Assignment: Give back the listing in full and exactly, leaving out the images.

Supplied information:
○ ○ ○ ○ ○ ○ ○

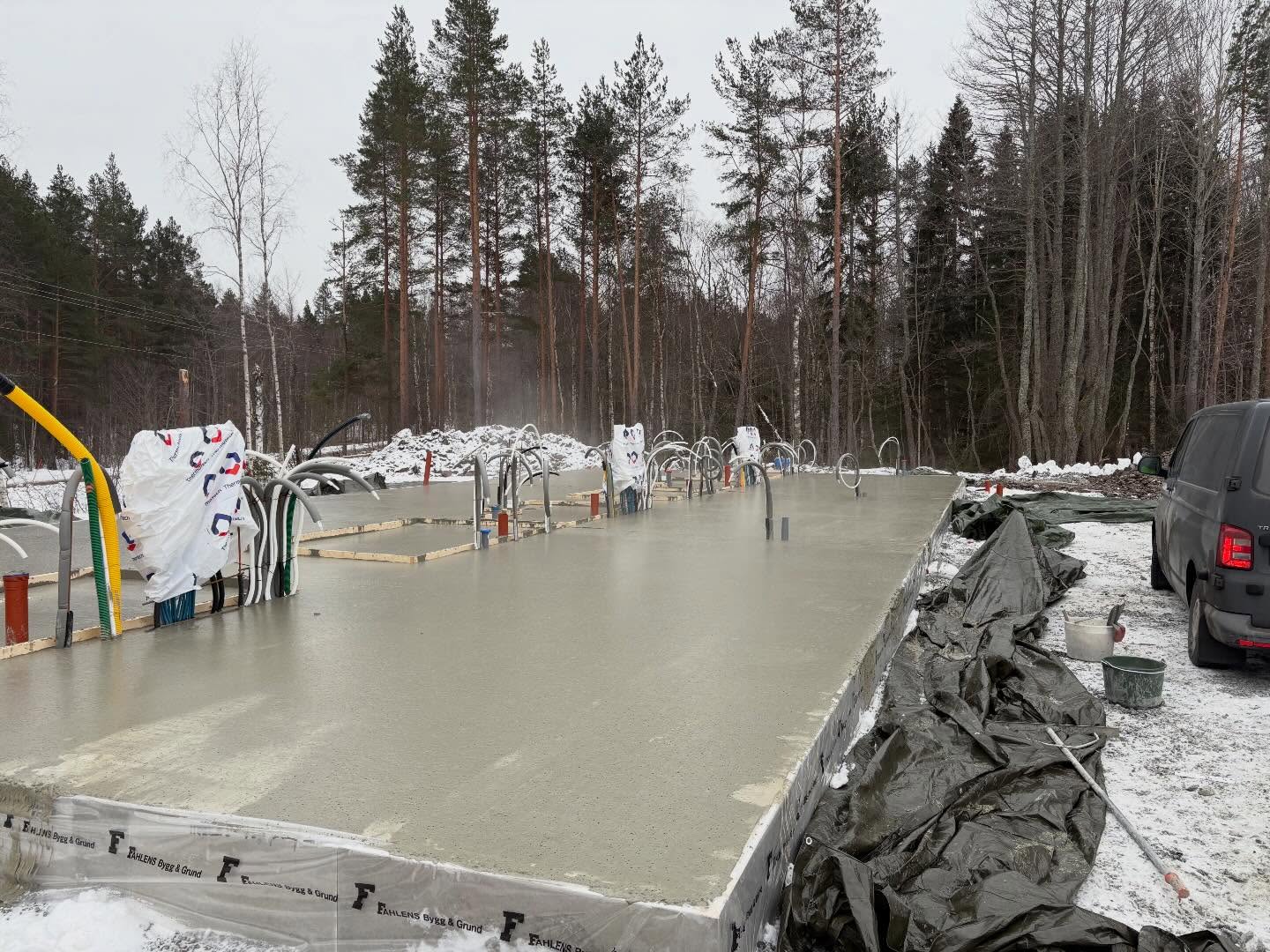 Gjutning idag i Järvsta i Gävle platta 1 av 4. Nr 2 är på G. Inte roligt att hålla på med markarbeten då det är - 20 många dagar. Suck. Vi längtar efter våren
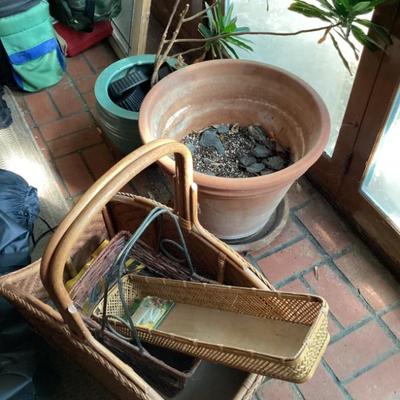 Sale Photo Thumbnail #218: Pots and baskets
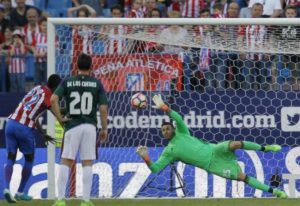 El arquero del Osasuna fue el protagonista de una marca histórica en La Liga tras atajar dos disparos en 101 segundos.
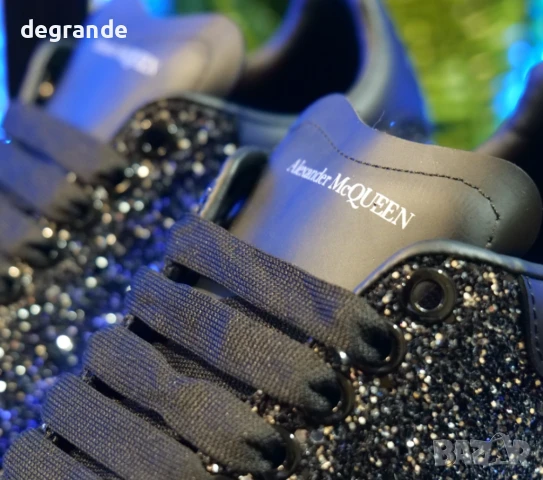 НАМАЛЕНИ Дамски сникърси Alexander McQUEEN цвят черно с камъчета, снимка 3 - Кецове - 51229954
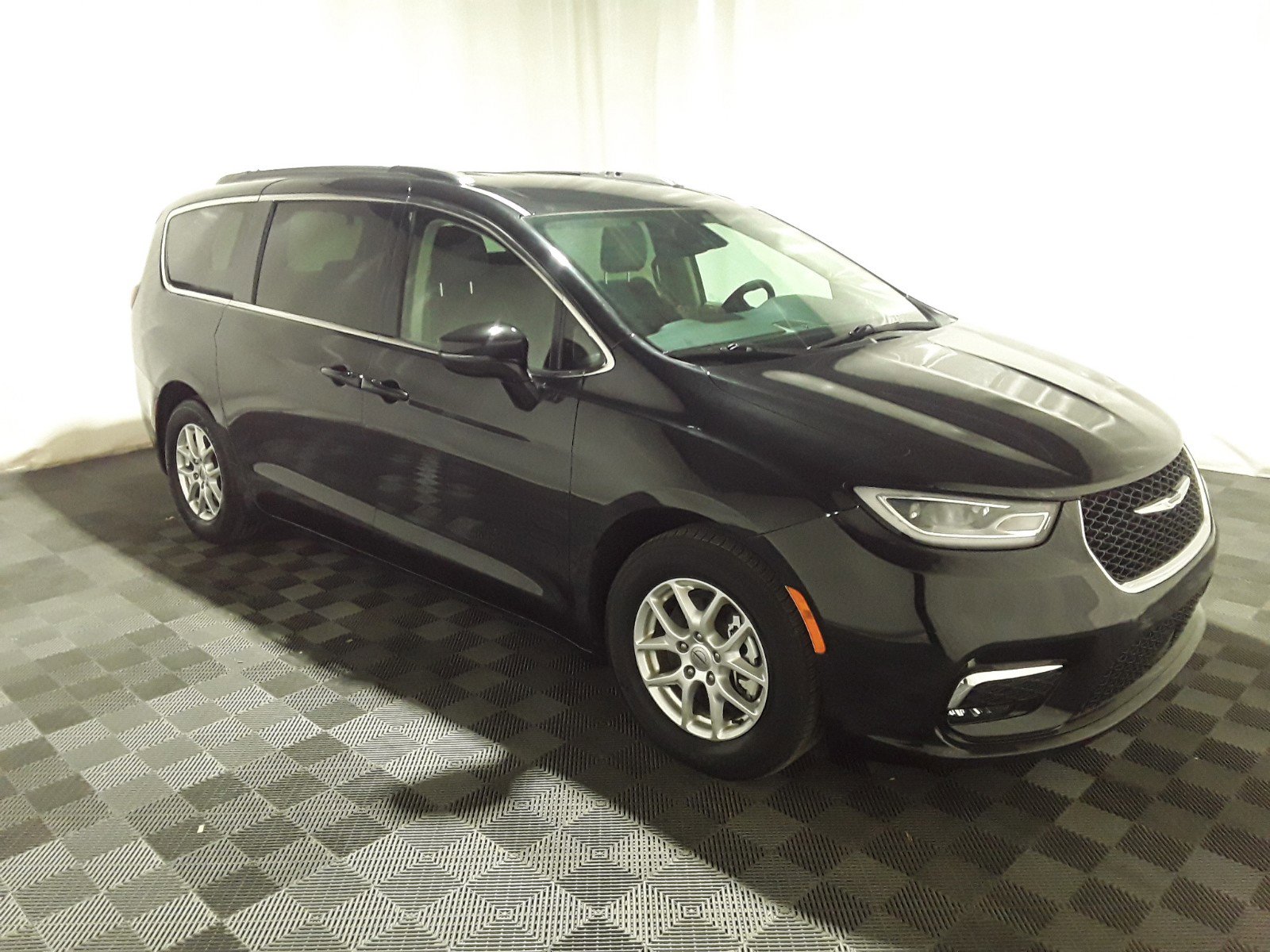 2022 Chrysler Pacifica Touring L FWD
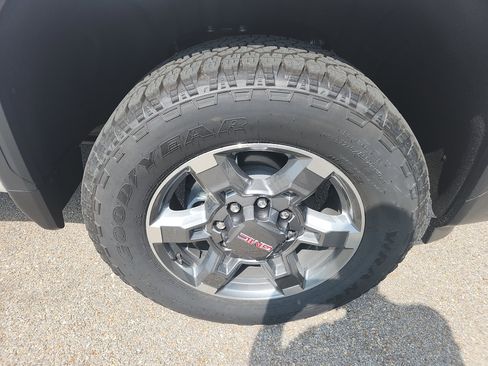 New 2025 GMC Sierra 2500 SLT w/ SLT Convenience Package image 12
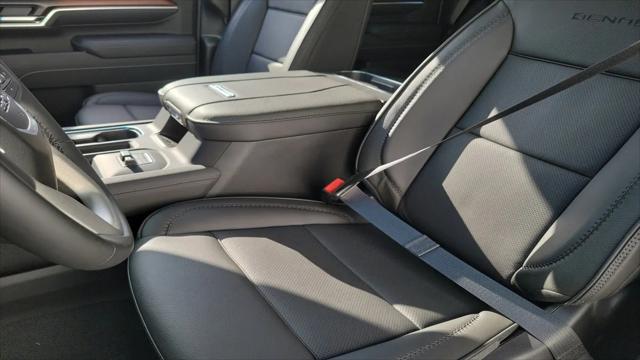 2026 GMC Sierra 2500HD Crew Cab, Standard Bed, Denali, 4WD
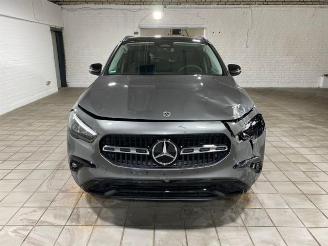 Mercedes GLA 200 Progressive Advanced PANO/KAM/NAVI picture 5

○ ○ ○ ○ ○ ○ ○

Result:
 Gjutning idag i Järvsta i Gävle platta 1 av 4. Nr 2 är på G. Inte roligt att hålla på med markarbeten då det är - 20 många dagar. Suck. Vi längtar efter våren
 Sale Photo Thumbnail #218: Pots and baskets
 El arquero del Osasuna fue el protagonista de una marca histórica en La Liga tras atajar dos disparos en 101 segundos.
 НАМАЛЕНИ Дамски сникърси Alexander McQUEEN цвят черно с камъчета, снимка 3 - Кецове - 51229954
 2022 Chrysler Pacifica Touring L FWD
 New 2025 GMC Sierra 2500 SLT w/ SLT Convenience Package image 12
 2026 GMC Sierra 2500HD Crew Cab, Standard Bed, Denali, 4WD
 Mercedes GLA 200 Progressive Advanced PANO/KAM/NAVI picture 5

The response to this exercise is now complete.